(Crawled caption data)
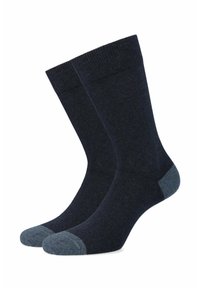 Granatowe bawełniane skarpetki z prążkowanymi mankietami oraz jasnoniebieskimi wstawkami na pięcie i palcach; gładka faktura, długość do kostki, klasyczny wzór.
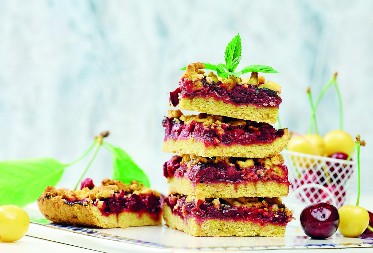 KOLAČ SA VIŠNJAMA ZA PRAVE SLADOKUSCE Recept Ivane Pavković uspeva svima, pa i početnicima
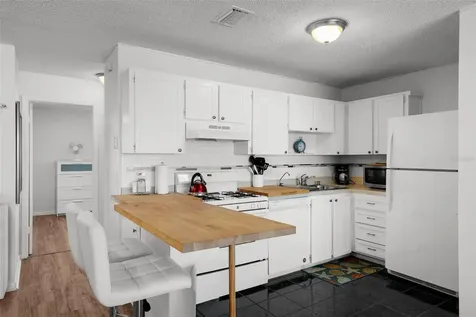 5623 80th Street N St Petersburg FL 33709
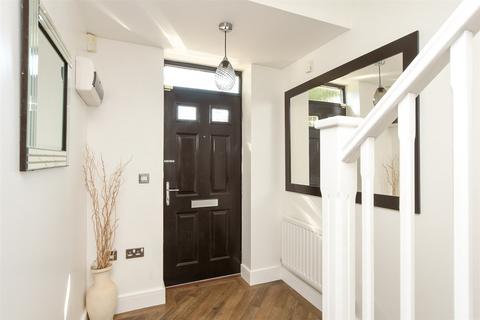 6 Newbery Close, Caterham, CR3 6GD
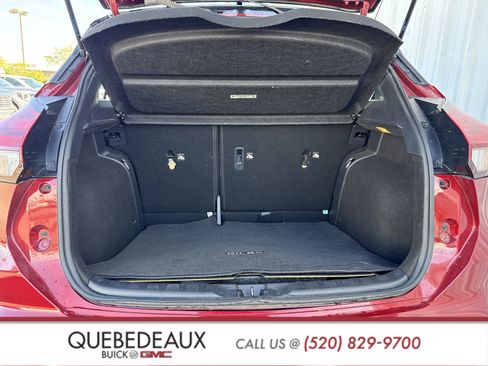 Used 2023 Nissan Kicks SR w/ SR Premium Package image 9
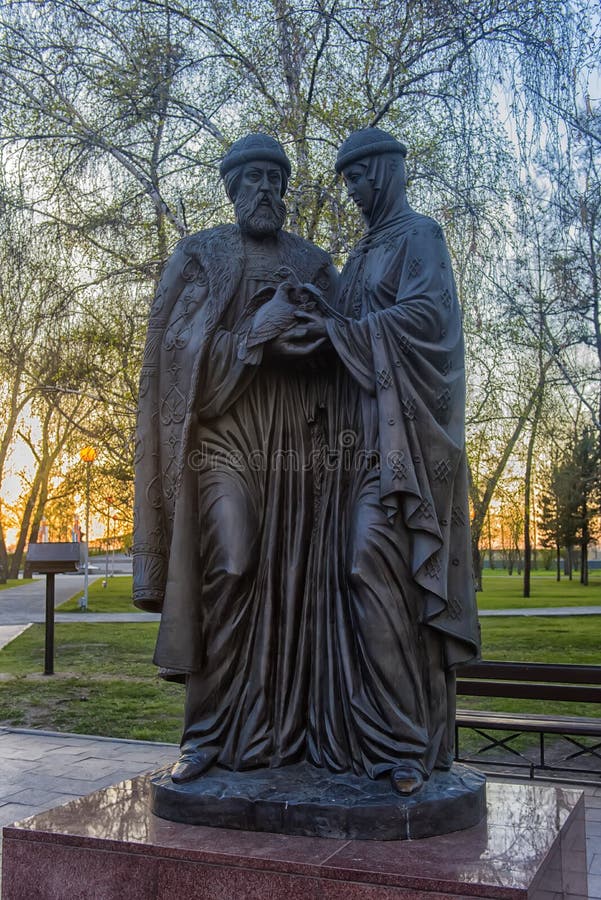 Il monumento a principe benedetto Pyotr ed a principessa Fevronia Murom immagini stock libere da diritti Il monumento a principe benedetto Pyotr ed a principessa Fevronia Murom immagini stock libere da diritti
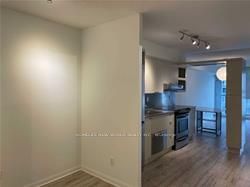 111 Elizabeth St, unit 752 for rent - image #4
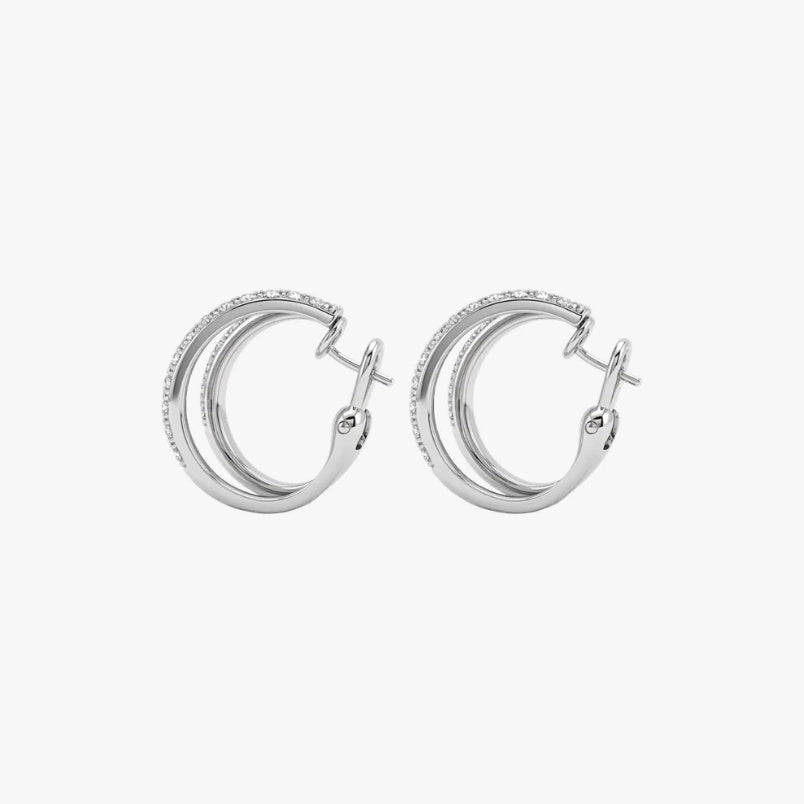Comprar pendientes de aro dobles realizados en oro blanco de 18kt con diamantes talla brillante. Cierre tipo Omega. Joyas de segunda mano. Envío gratis. Ian'Or.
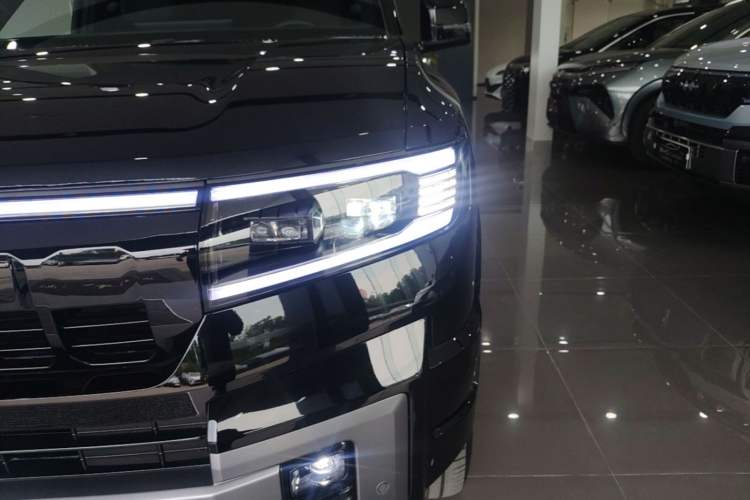 Used Formula Leopard 8 2025 Smart & Brave Flagship Edition 7 Seats Left Front Headlight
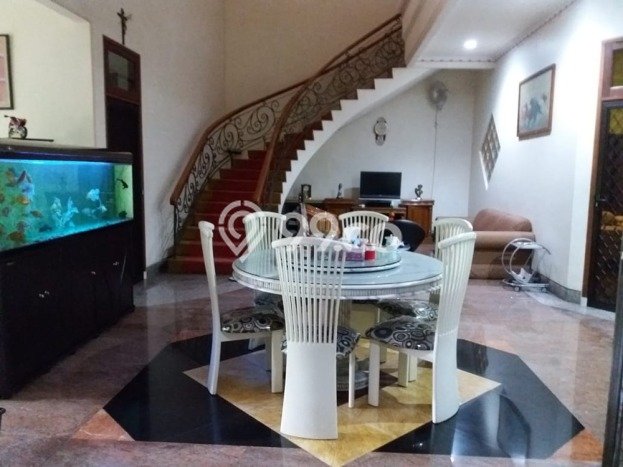 Rumah di Panakukkang, Luas 300m², Bangunan 325m² Rumah di Panakukkang, Luas 300m², Bangunan 325m²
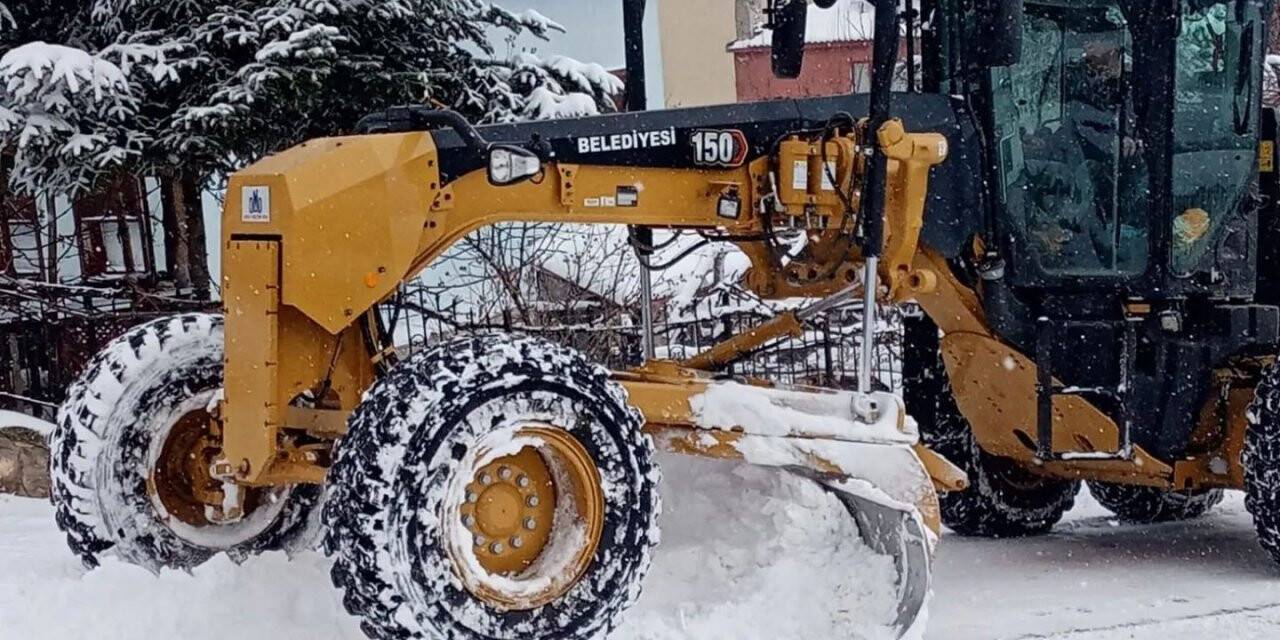 Kestel’de 24 saat karla mücadele sürüyor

◆ What the task requires
Output only the lines that run from the line containing "5623 80th Street N St Petersburg FL 33709" to the last line of the data, exactly as they stand and without pictures.

◆ Solution to the problem
 5623 80th Street N St Petersburg FL 33709
 6 Newbery Close, Caterham, CR3 6GD
 Used 2023 Nissan Kicks SR w/ SR Premium Package image 9
 Il monumento a principe benedetto Pyotr ed a principessa Fevronia Murom immagini stock libere da diritti Il monumento a principe benedetto Pyotr ed a principessa Fevronia Murom immagini stock libere da diritti
 111 Elizabeth St, unit 752 for rent - image #4
Comprar pendientes de aro dobles realizados en oro blanco de 18kt con diamantes talla brillante. Cierre tipo Omega. Joyas de segunda mano. Envío gratis. Ian'Or.
 Used Formula Leopard 8 2025 Smart & Brave Flagship Edition 7 Seats Left Front Headlight
 Rumah di Panakukkang, Luas 300m², Bangunan 325m² Rumah di Panakukkang, Luas 300m², Bangunan 325m²
 Kestel’de 24 saat karla mücadele sürüyor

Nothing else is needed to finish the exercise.